2.2. Three-Phase Current Reconstruction Method

Based on the relationship between the basic voltage space vectors and the DC-link current listed in Table 1, the instantaneous DC-link current under ideal conditions can, in principle, be obtained. However, in practical implementations, it is difficult to determine in real time the dwell times of each basic voltage space vector and the corresponding three-phase currents under SVPWM control; moreover, factors such as dead time introduce significant estimation errors.

The DC-link current estimation method proposed in this paper is derived from the SVPWM process and performs the estimation over a single switching period based on the average-value equivalence principle. Within one switching period, the DC-link currents corresponding to the basic voltage space vectors are weighted according to their respective dwell times.

The DC-link current can be expressed as

$$I_{\mathrm{dc}}\left(nT\right)={\displaystyle \frac{{\displaystyle \sum _{3x}{T}_{3x}\left(nT\right)}{i}_{3x}\left(nT\right)}{T}}$$

(3)

Here, n represents the switching period index and is a positive integer; 3x denotes the three-phase index, taking values a, b, or c; T is the switching period; i_3x(nT) is the three-phase current in each switching period; T_3x(nT) is the action time of the corresponding three-phase current in each switching period, and T_3x must satisfy T_a + T_b + T_c ≤ T_s.

Within one switching period, T_s, only two current values participate in the synthesis of the DC bus current; taking Sector I as an example, the DC bus current can be expressed as.

$$I_{\mathit{dc}}={\displaystyle \frac{T_4\cdot i_a+T_6\cdot \left(-i_c\right)}{T_s}}$$

(4)

In order to extend the estimation formula to all sectors and facilitate the sampling of the required variables in practical applications, the relationship between the switching reference values and their corresponding switching instants in the SVPWM process is introduced; taking Sector I as an example, this relationship is shown in Figure 5.

According to the correspondence between Figure 4 and Figure 5, after converting the dwell time into switching time, Equation (4) can be expressed as.

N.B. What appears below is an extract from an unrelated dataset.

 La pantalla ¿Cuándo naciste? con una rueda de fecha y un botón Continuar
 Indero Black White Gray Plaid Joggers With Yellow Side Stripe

$$I_{dc}={\displaystyle \frac{2\left(t_3-t_2\right)\left(-i_c\right)+2\left(t_2-t_1\right)i_a}{T_s}}$$

(5)

By adding the term t₂i_b−t₂i_b to the numerator, it can be obtained that.

$$I_{dc}={\displaystyle \frac{2t_2\left(i_a+i_b+i_c\right)-2\left(t_1{i}_a+t_2{i}_b+t_3{i}_c\right)}{T_s}}$$

(6)

Furthermore, since the sum of the three-phase currents is zero, it can be known that.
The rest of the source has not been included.